John Turley-Ewart is a regulatory compliance consultant and Canadian banking historian.

The first consequential decision Canada’s new Finance Minister Dominic LeBlanc made was approving the merger between the Quebec-based National Bank of Canada and the Alberta-based Canadian Western Bank, combining the sixth and ninth largest banks by assets in Canada.

His approval came on the Friday before Christmas, when much of Bay Street and the country’s attention was on the holidays ahead. Yet this merger will attract attention in the coming months, and for good reason.

It is a merger unlike any other in Canada’s banking history, combining two regional institutions that have been serving the needs of businesses and consumers neglected by the Big Five banks. As such, the path to success will not mimic usual post-merger stories where the narrative is defined by a top-to-bottom efficiency squeeze shedding executives, middle management and others, though there will be some of that.

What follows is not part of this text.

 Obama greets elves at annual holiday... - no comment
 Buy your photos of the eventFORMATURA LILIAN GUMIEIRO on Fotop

These are different banks serving different markets with unique organizational cultures. The first indication of this merger’s difference was evident in National Bank’s June announcement where it declared that the deal would keep CWB’s branch footprint, Edmonton-based executive and operational presence.

This isn’t typical of Canadian bank mergers. When RBC’s deal to buy HSBC Canada was approved in December, 2023, all Canada’s largest bank could commit to was retaining HSBC employees for at least six months after the transaction closed.

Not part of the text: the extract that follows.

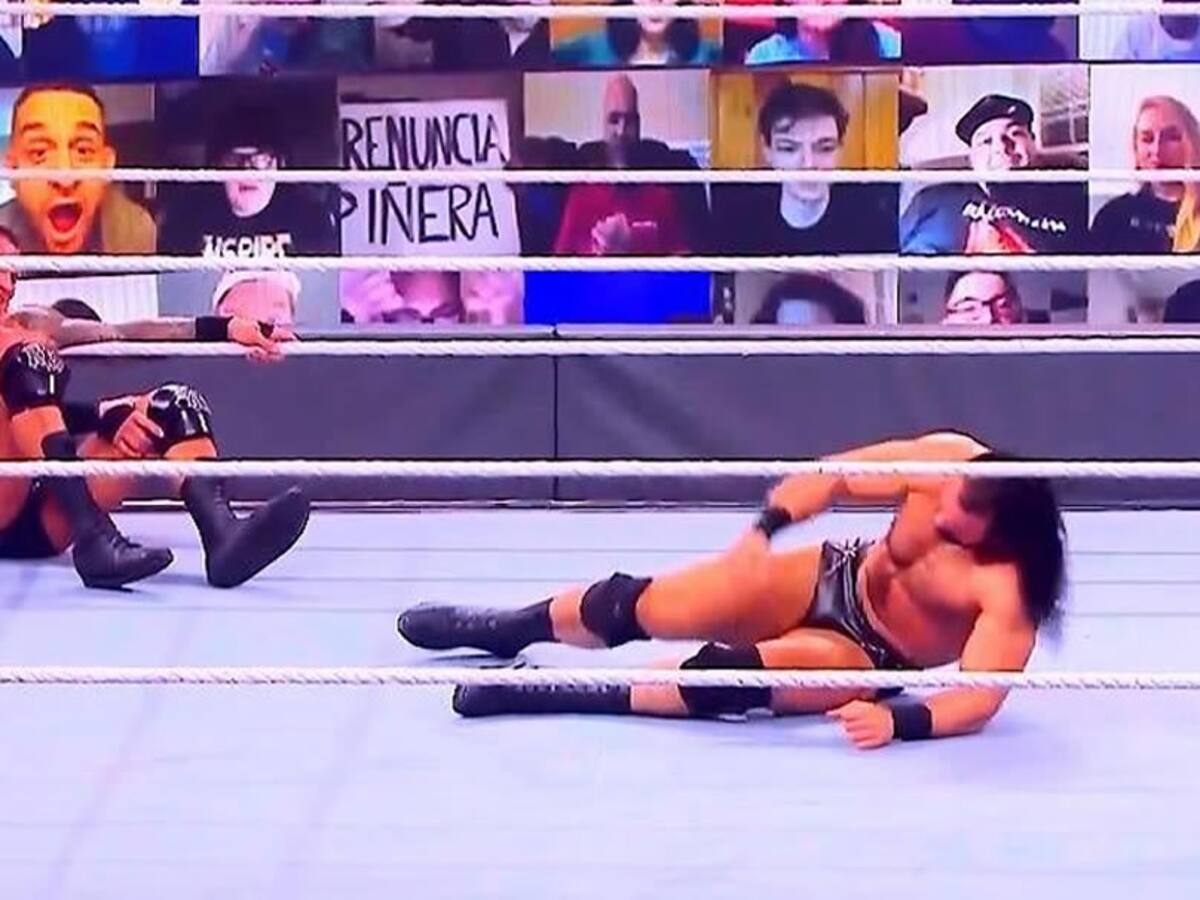 Cartel con «renuncia Piñera» apareció durante transmisión de WWE SummerSlam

Opened in 1984 in Edmonton, the Canadian Western Bank has emphasized local decision-making and management by common-sense people frustrated with central Canadian banks. CWB’s vision was simple: A Western Canadian bank designed for westerners that provides commercial and other credit frequently denied by bureaucratic Toronto banks.

National Bank was founded in 1859 by a group of Quebec City businessmen who were committed to serving Francophones. It is and has been a critical part of Quebec’s business and political community ever since. Its purpose included addressing frustration with Anglophone-dominated banks that delivered insufficient service to Quebec’s majority French-speaking population.

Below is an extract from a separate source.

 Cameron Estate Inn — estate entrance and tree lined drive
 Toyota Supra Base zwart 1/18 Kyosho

But one other factor differentiates National that is relevant today – it is the only Canadian bank operating now that is the product of a government bailout. After the First World War, bad loans crippled the bank, leaving it insolvent, a fact kept from the public but not Canada’s finance department. The federal government refused to save it; Ottawa refused to bail out any bank in trouble.

Despite banking being beyond the Quebec government’s jurisdiction, it stepped in with millions in public monies and engineered a merger between National and a smaller bank in the province to avoid a banking crisis and create the foundations for a big Francophone bank. Success was not assured. Its path to solvency in the 1920s was unusual. As one study has shown, “it took various creative [if not fraudulent] reporting, accounting, repayment and taxation schemes to recapitalize the new Banque Canadienne Nationale … resulting from the merger.”

National Bank’s near-death experience in the 1920s set it on a determined path to prudent management for the next century. That prudence was owed to shareholders, customers and the Quebec government that supported it when Ottawa would not. But there was also a price to that prudence.

Growth outside Quebec, where risks were increased, was hobbled. The more national the Big Five banks were, the harder it was for National to organically break free of its regional comfort zone. The current merger is National’s attempt at changing that. A century after National was saved by Quebec, it has taken a decisive step to grow outside that province by acquiring CWB and building a bank true to its “National” branding.

Canadians have a vested interest in its success. If executed effectively, it will add to competition and consumer choice in Canada over time and better connect Quebec and Alberta businesses to new opportunities in other parts of the country. Yet the distinct nature of the deal means there are plenty of challenges ahead.

First steps first: With more than 30,000 employees, mostly Francophones, National Bank has ten-times the staff as Canadian Western. The immediate hurdle is ensuring CWB’s employees are not marginalized – that the combined organization is not one characterized by two solitudes.